The oil market remains undersupplied due to strong demand and disciplined supply management by OPEC+. Oil inventories are expected to decrease further in the coming weeks. Despite increased tensions in the Middle East, oil prices have shown only modest reactions. Crude oil peaked at USD 92.2 per barrel in April, it is currently trading at around USD 82 per barrel.


  • War escalation in Ukraine or the Middle East: These conflicts hold significant implications for Europe. Specifically, if Russian forces were to advance across the Belarusian border, 150 kilometers north of Kyiv, this could precipitate a rapid devaluation of EURUSD, potentially driving it towards the 0.90 threshold. Furthermore, statements made by former US President Donald Trump concerning the US’ potential withdrawal from NATO commitments have notably undermined the confidence of US allies.
  • US-China tensions: US-China friction remains strong, with increasing tension around Taiwan and the South China Sea.


  • Geopolitical risk mitigation basket: Gold, Energy (e.g. Oil), AI and Bitcoin. As military and economic wars are mounting, these four assets are in increasing demand. With the new US sanctions on Chinese electrical cars, the most sophisticated chips recently developed in China, and maintained US sanctions for EU products, the dedollarization is here to stay. We believe moderate exposure to these assets calibrated with respect to investors’ risk tolerance and preferences may help preserve both performance and capital in the long run.

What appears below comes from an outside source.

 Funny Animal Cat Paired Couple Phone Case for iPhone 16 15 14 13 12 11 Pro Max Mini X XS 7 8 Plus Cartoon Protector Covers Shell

  • Income from safe cash deposits: Cash can be safely placed in cash deposits and earn annualized net interest, e.g. over a period of 6 months: 5.25% in USD, 4.25% in EUR, 5.00% in GBP, 4.00% in AUD.
  • Income from Investment Grade bank bond issuers: Major banks are implicitly protected by central banks as demonstrated in the Credit Suisse crisis where actual bonds (not AT1) remained secured. Investors can benefit from the substantial yield of a diversified bank bond portfolio of 3 to 10-year duration: close to 6.00% in USD, 4.50% in EUR, 5.50% in GBP.

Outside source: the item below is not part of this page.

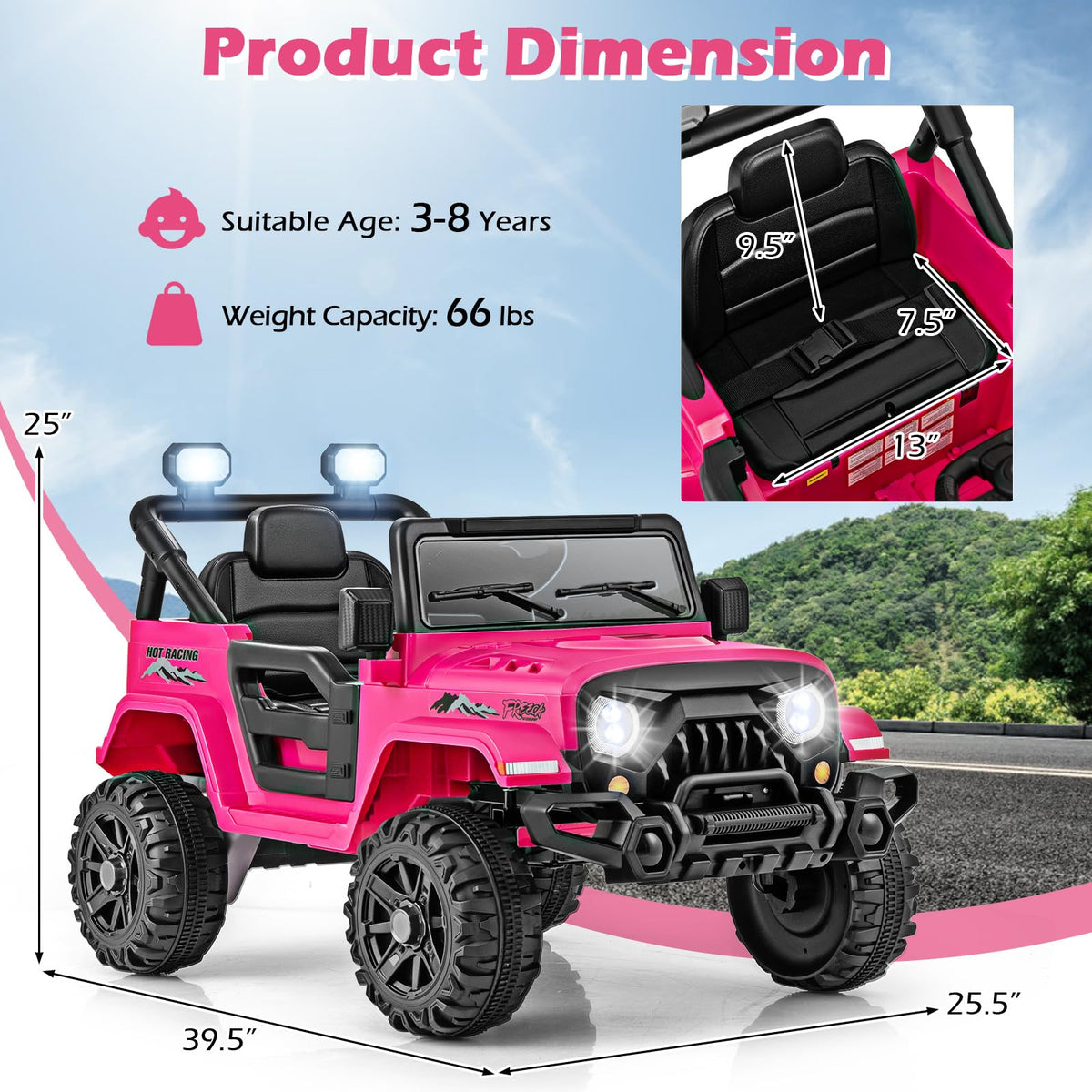 OLAKIDS ride-on truck wear-resistant wheels handle grass and pavement.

  • High coupon (10%+) on structured deposits: Opportunity from market volatility.
  • All-time high, compelling “risk premium” for Chinese stocks: We believe that historically low prices for China stocks are an opportunity for long-term investors looking for asset growth, substantial income and de-correlation with Western markets. Given attractive equity valuations and earnings upgrade expectations, we believe mainland Chinese and Hong Kong equity valuations are likely to increase significantly within the next 12 months.
  • Nuclear energy: We believe the nuclear sector will be instrumental in the world’s decarbonization efforts. To achieve fossil fuel reduction targets, the nuclear power industry’s safety standards need to be brought to the next level, for instance by using new technology to recycle uranium. New “green” nuclear energy is the number one priority of President Macron in France, while being high on the agenda in the US and China, which will build 150 nuclear power plants in the next 15 years.
  • Defense and security: The wars in Ukraine and Palestine have triggered massive investment in military defense and the overall security sector – including cyber, food, energy, and semiconductor supply security – in Europe and around the world.